Ceci dit, il semble que le Méchekh ‘Hokhma estime que si quelqu’un agit inadéquatement, il lui est interdit d’avoir un ressentiment envers son prochain qui se comporte aussi de manière incorrecte. Car le fait qu’il faute prouve qu’il ne condamne pas réellement cet acte ; si c’était le cas, il ne l’aurait pas commis. Son ressentiment découle donc inévitablement d’une aversion qui n’est pas pure, qui provient de motivations personnelles, ce qui n’est pas admissible.

Pour résumer, il n’est pas acceptable de regarder les autres de haut à cause de leurs erreurs, lorsque nous faisons nous-mêmes des fautes similaires.
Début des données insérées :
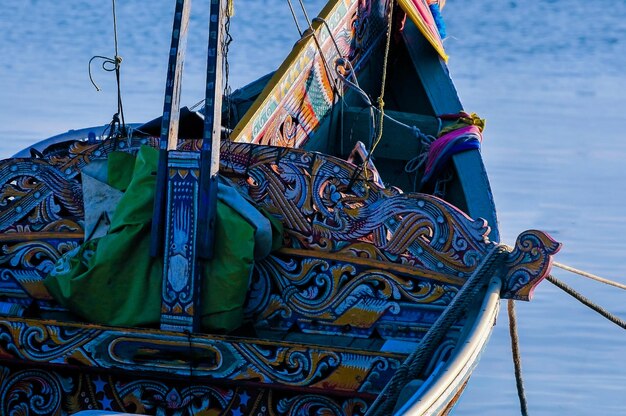 Close-up de um barco de pesca no mar contra o céu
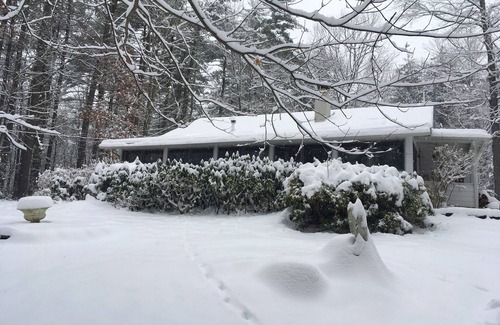 Glenford Cottage | Woodstock Cottage with hot tub. Close to town yet very private.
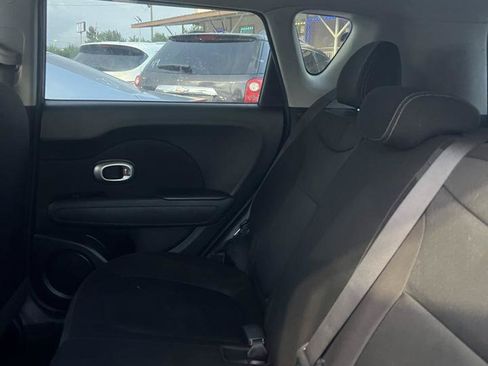 Used 2016 Kia Soul FWD image 8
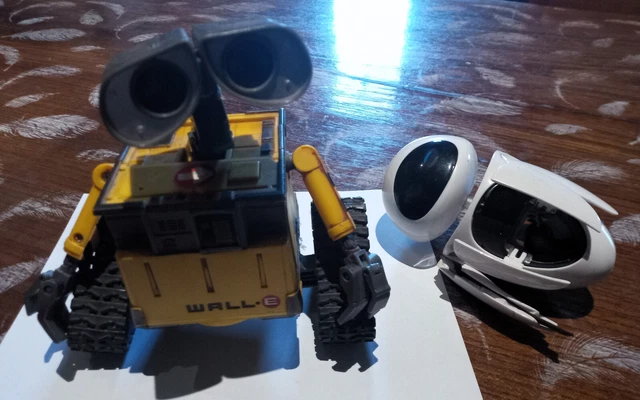 Robots vintage "Wall-e et Eve", Wall-e Interactif à piles, Pas de casse.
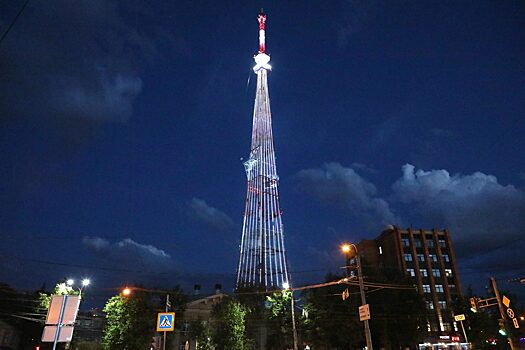 На телебашнях Нижнего Новгорода и Казани включат подсветку в честь первого рейса «Метеора»
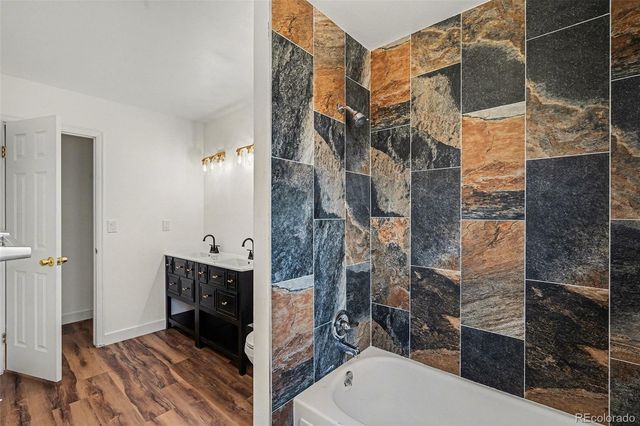 1800 S Mobile Street, Aurora, CO 80017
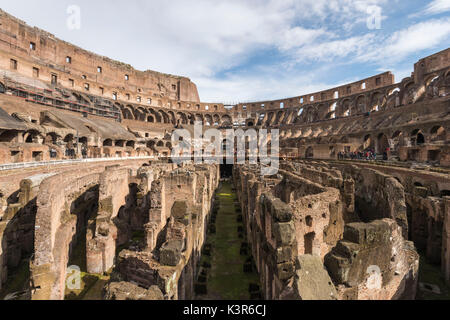 Roma - Lazio,l'Italia all'interno del Colosseo Foto Stock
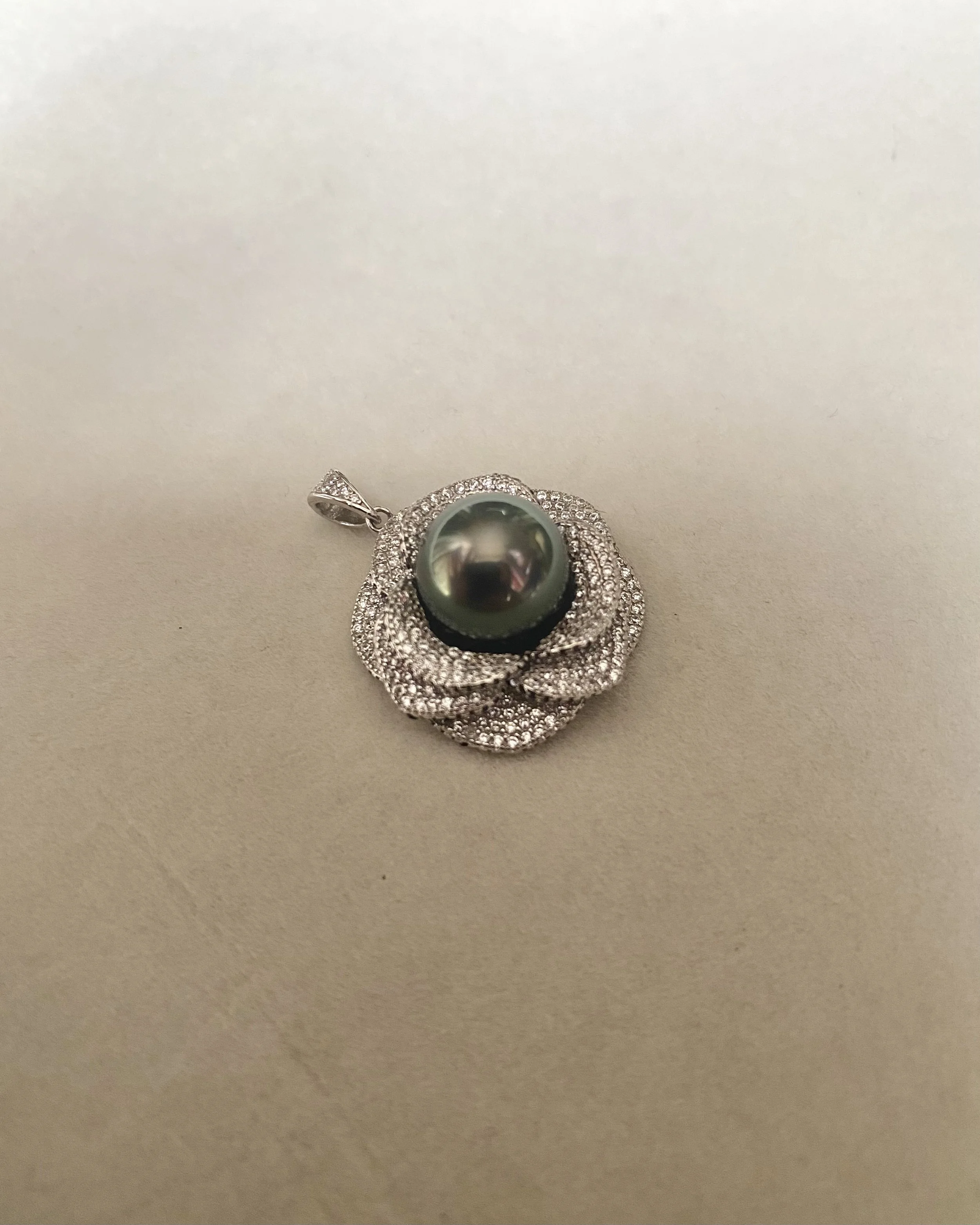 11mm Tahitian Obsidian Green South Sea Pearl Pendant – Piaget Rose-Inspired Petalburst Design in S925 with Pavé CZ, Oil-Sheen Lustre, Black Starlit Pearls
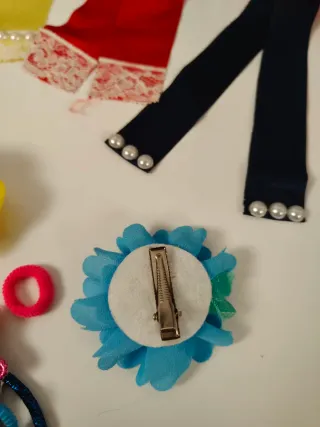 Set di Accessori per Bambina: Nastri, Elastici, Forcine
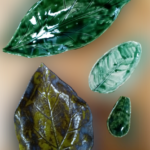 cztery zielone liscie w różnych odcieniach zieleni wykonane z gliny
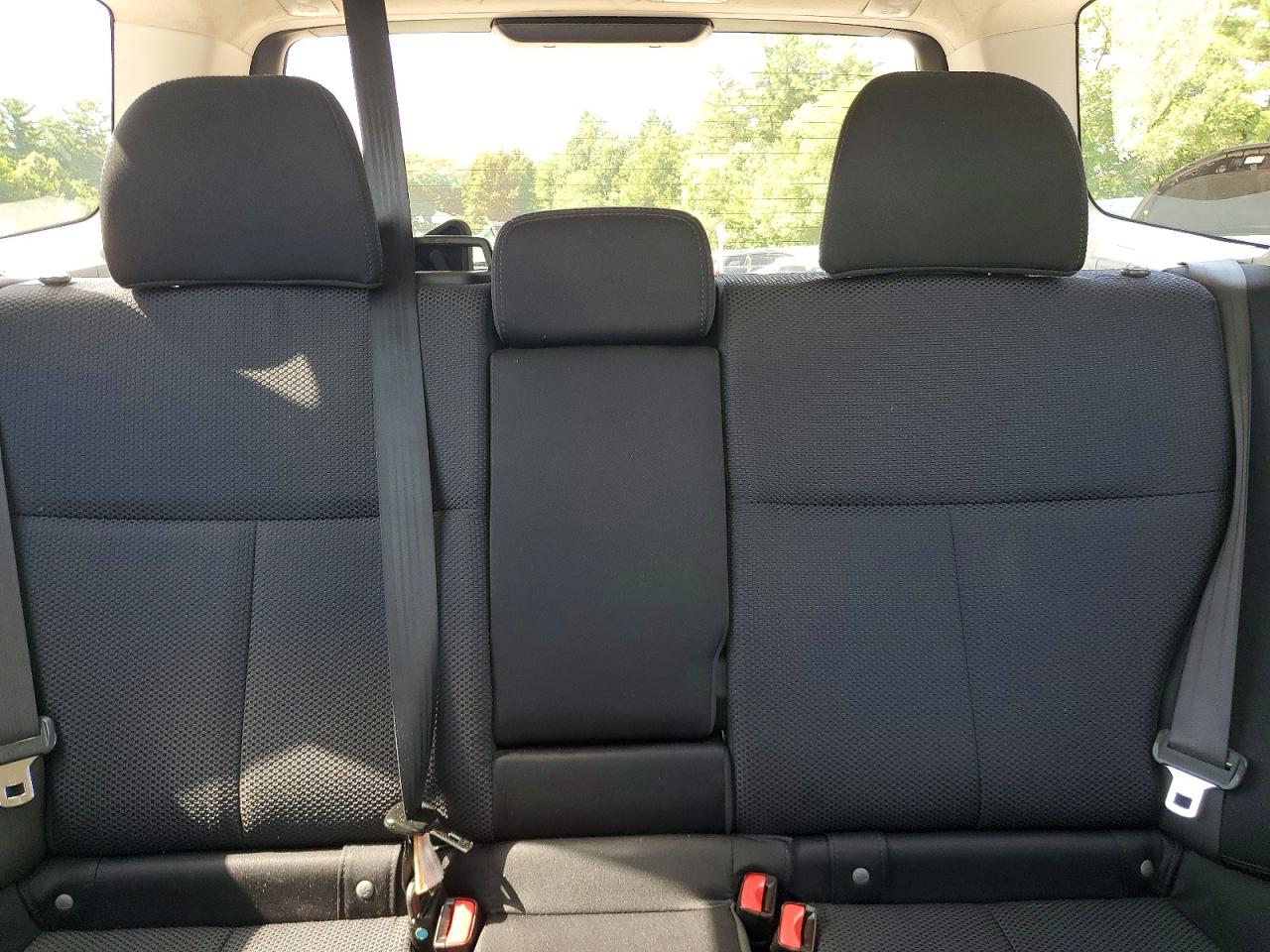 2011 Subaru Forester 2.5x Silver vin: JF2SHABC1BH776285
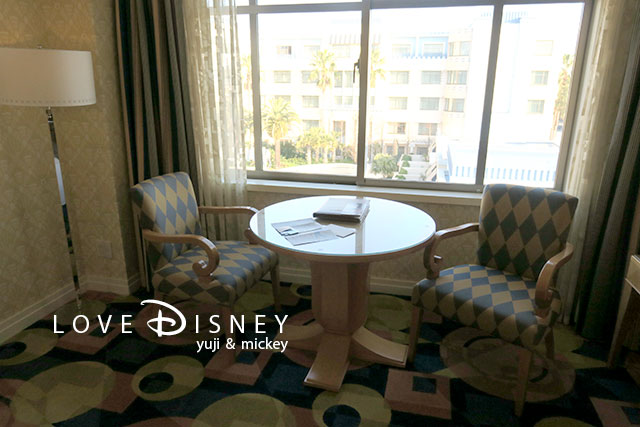 ディズニーアンバサダーホテル「スタンダードフロア、スーペリアルーム」テーブル＆椅子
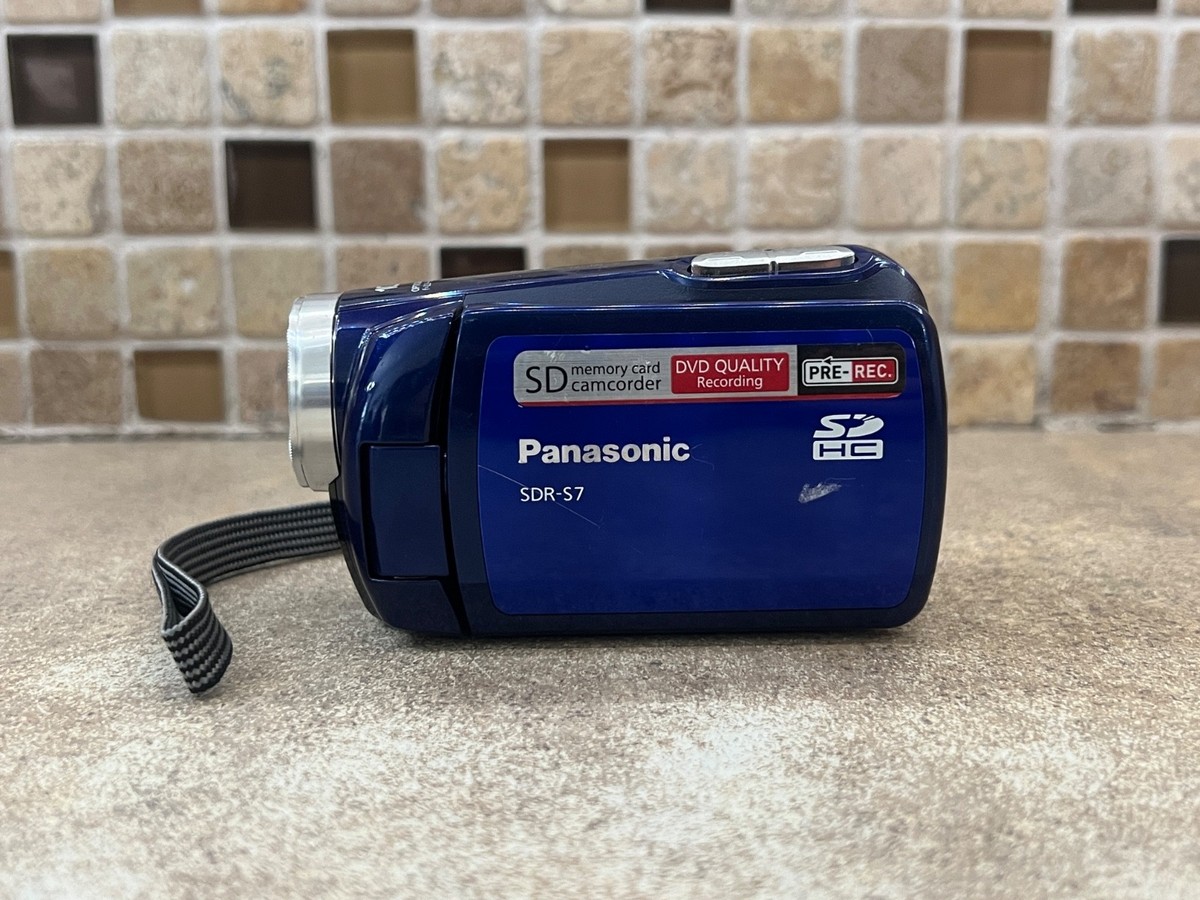 Panasonic SDR-S7 / SDR-S7P 10x Optical Zoom Blue Compact Camcorder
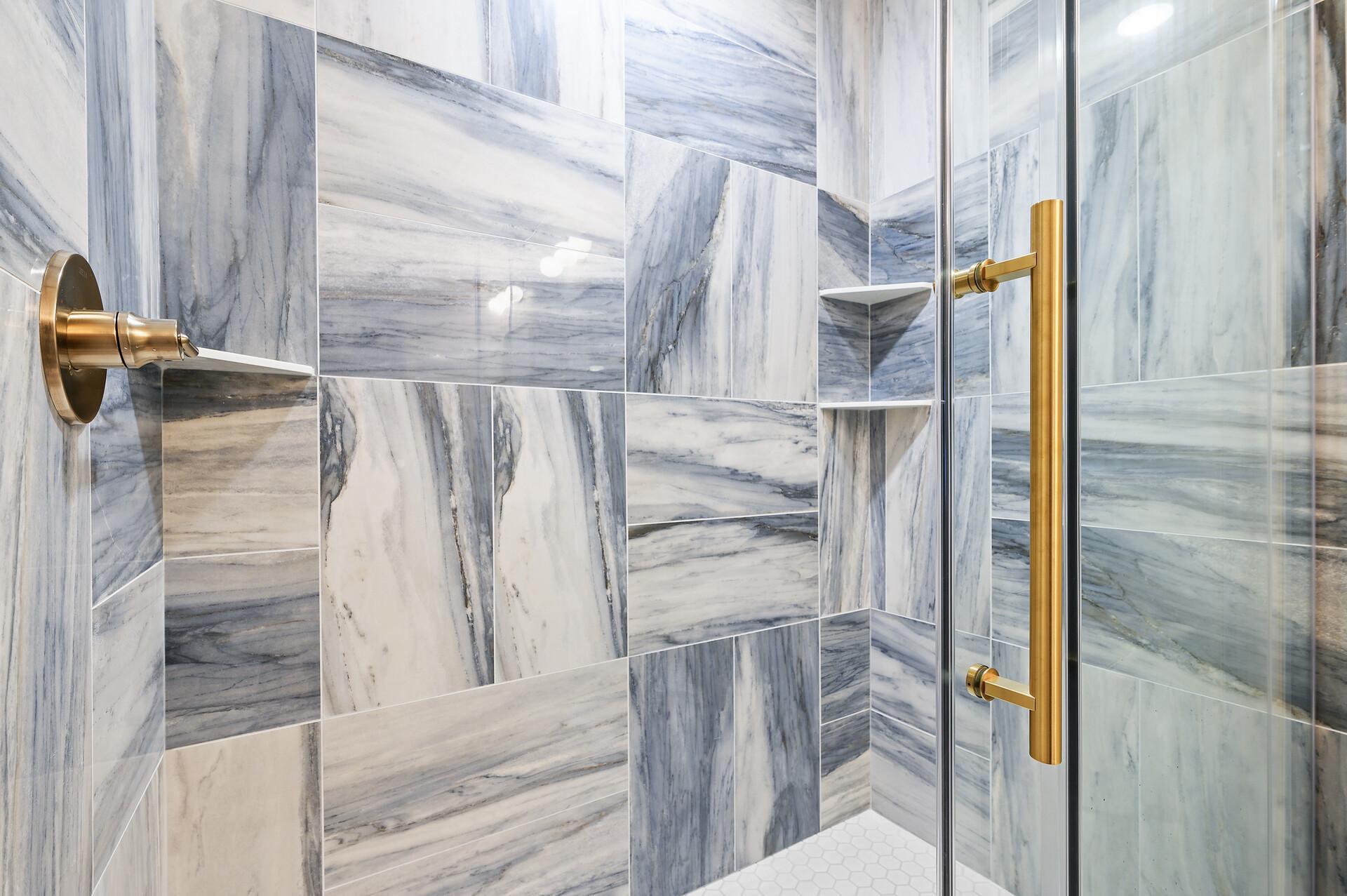 1830 Mckinley Street NE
Bien qu’il soit essentiel de se soucier du niveau spirituel d’autrui, il faut que cette préoccupation soit sincère et non biaisée par une appréciation personnelle. De plus, comme l’a souligné le Méchekh ’Hokhma, si nous faisions une introspection authentique de nos actes, nous réaliserions que de nombreux domaines sont à améliorer. Le mois d’Eloul est un moment particulièrement propice au bilan personnel plutôt qu’à l’analyse des fautes de notre entourage.



[1] Cette Mitsva comporte sur deux aspects positifs – aider son prochain et réduire la souffrance de l’animal. Elle nous enseigne l’interdit de Tsaar Baalé ’Haïm – faire du mal aux animaux. Le fait de laisser un animal souffrir est considéré comme lui faire du mal.

[2] Dévarim, 22:4.

[3] Chémot, 23:5.

[4] Voir également Rabbénou Bé’hayé sur ce point.

[5] Pessa’him, 113b. Nous ne développerons pas le concept de « haine ». Nous nous contenterons de dire qu’il ne s’agit pas d’une inimitié virulente.

[6] À l’exception des gens qui se conduisent de manière particulièrement abjecte, comme ceux qui éloignent des Juifs de la Torah et du respect des Mitsvot.